Re: [coreboot] Supermicro H8QME-2+ mct_d fatal exit.
I finally know that my issue must be related with the smbus registers because on a vendor bios running machine and using i2cdetect and i2cdump I get several values for different i2c devices detected, I get the same values when I successfully start with coreboot. But when I start with coreboot and fail with mcr_d fatal exit those registers are blank, I know that because I found a nice piece of code dumping smbus registers on the h8dme board :D thx to the autor!! I also know that reading these registers out may cause them to get lost! I'm not sure why?! There is a multiplexer on SMBus, this confirms my theory. Please check the GPIO. Imagine the multiplexer acts as some kind of rail switch. The transactions on smbus never reach thhe memory chips (the SPD eeprom). You need to find a pin to control the multiplexer. Rudolf Now my question is how do I initialize these registers with the values known from the vendor BIOS? smb_write_byte doesn't seems to work or maybe I'm using it wrong. THX, Knut Kujat. Knut Kujat escribió: Hello, thx all of you for your comments. Here a little update :) I now know why the boards worked just fine up here in my lab. To know if the board would work after being unplugged I always only unplugged the electrical cable but never the monitor attached to the board I figured out that the monitor is providing enough juice to maintain whatever alive in the board so after plugging the electrical cable on again coreboot started fine. Another thing I figured out is that it seems that the front leds of the board a managed by GPIO as well, is this right? If so it seems that something is wrong with GPIO because the power on led never works with coreboot. thx, Knut Kujat. ron minnich escribió: Just FYI: on our first system with Arima boards in 2002, everything worked well until we started booting 64-bit kernels.

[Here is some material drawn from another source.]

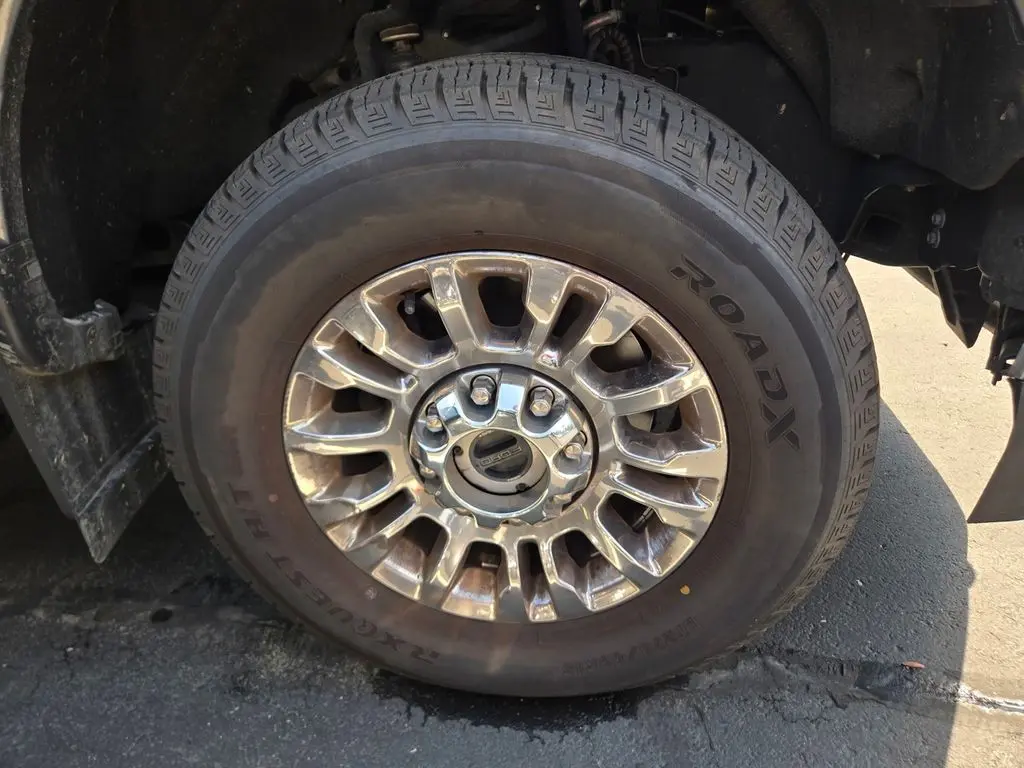 2022 Ford F-250 - $38,954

I'm not kidding. We did not find the SMBUS MUX on the boards until we had unreliable coreboot boots of 64-bit kernels. For quite some time the boards worked fine. Ollie found the SMBUS MUX by examining schematics. So the SMBUS mux can appear in strange ways, at strange times. This sounds like one of those times. SMBUS muxes are more common than you might think and the default power-on state is not always very well determined. ron -- coreboot mailing list: coreboot@coreboot.org http://www.coreboot.org/mailman/listinfo/coreboot
Re: [coreboot] Supermicro H8QME-2+ mct_d fatal exit.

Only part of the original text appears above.